唾液腺の病気
唾液腺は、耳下腺・顎下腺・舌下腺の3対の大唾液腺と、口腔・咽頭粘膜表面に多数散在する小唾液腺があります。大唾液腺で作られた唾液は、管を通り口腔内に分泌されます。唾液は、食物を消化し、口腔内を湿らせ、清潔に保つ作用があります。
流行性耳下腺炎(おたふく風邪)
幼小児に多いのですが成人も罹患します。耳下腺・顎下腺をおかすのみならず、睾丸炎・膵炎・髄膜炎・内耳炎等を合併することがあります。内耳炎では高度難聴を起こすことが知られています。予防注射は1回では確実でありませんが、2~3回するとかなり効果があります。
小児反復性耳下腺炎
「おたふく風邪をなぜ繰り返すのかしら?」と思っておられるお子さんの多くはこの病気です。唾液腺造影検査(口腔内より唾液管に1cc程の造影剤を注入しレントゲンを撮影)で唾液管の拡張が認められます。広がった管内に唾液がうっ滞して感染を反復しますが、大人になるにつれておさまります。
シェーグレン症候群
耳下腺・涙腺が腫れ、分泌低下により口腔、眼、皮膚などの乾燥状態を来たす病気です。女性に多く、慢性関節リウマチなど膠原病との合併が多く認められます。血液検査・唾液腺造影で特徴的な所見を示します。
唾石
顎下腺に好発します。食事のたびに、顎下部もしくは耳下部の鈍痛・腫脹を返します。手術が必要です。
唾液腺腫瘍
良性耳下腺腫瘍が最も多いですが、再発し易く放置しておくと癌化の可能性もあり、完全摘出術が必要です。

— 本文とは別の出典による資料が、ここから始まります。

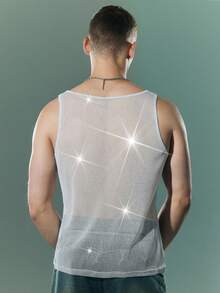 FeverCity Áo tank top nam xuyên thấu cổ tròn gợi cảm cho mùa hè - màu đen - Xem 2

しかし、耳下腺の中を、顔面神経という顔の筋肉を動かす大切な神経が走っています。この神経を保存しながら、腫瘍を完全摘出することは簡単ではなく習熟した医師が行わなければなりません。
甲状腺の病気
甲状腺は、前頸部の浅い所にあり、病気が有るか無いかは、ほとんど触診でわかります。しかし、難しいのはどのような病気かということです。甲状腺が全体的に腫れる場合は、単純性甲状腺腫、バセドウ病、甲状腺炎で、これは血液検査で区別がほぼ可能です。しかし甲状腺の一部が瘤(コブ)状に腫れる場合は甲状腺良性腫瘍、甲状腺癌、時に甲状腺炎で、腫瘍、特に癌との区別が困難です。血液検査のほか、レントゲン、超音波、CT検査、シンチグラム、針生検等を行います。
単純性甲状腺腫
主に若い女性で、特に病気がないのに、甲状腺が腫脹することがあります。
バセドウ病
甲状腺が膨脹し、甲状腺ホルモンが過剰に分泌されるため、汗をかきやすい、食欲は亢進するのに体重減少、動悸などが起こり、長く放置すると眼球突出を来すことがあります。初期のものは抗甲状腺剤、進んだものには手術または放射性ヨードの投与などを行います。
甲状腺炎
亜急性甲状腺炎
ウイルス感染によるものと思われ、発熱とともに甲状腺が痛み、腫れます。薬物治療で多くは数ヵ月で軽快します。
慢性甲状腺炎(橋本病)
甲状腺の自己免疫疾患です。腫瘍との区別が問題となります。甲状腺ホルモンの分泌が悪くなると、甲状腺ホルモンの投与を行います。
甲状腺良性腫瘍
腺腫はよほどの大きくない限り経過観察で済みます。腺腫様甲状腺腫といって、腺腫のような病変が多発する病気があります。癌との区別が難しい場合は切除します。
甲状腺がん
頭頸部癌のほとんどは男性に多いですが、甲状腺癌の約9割が女性です。しかし、予後の比較的良い分化癌が多く、遠隔転移がなければ、甲状腺と頸部リンパ節に対する手術で多くは根治可能です。逆に甲状腺未分化癌は少数ですが、極めて悪性度が高く、放射線・手術等行っても予後不良です。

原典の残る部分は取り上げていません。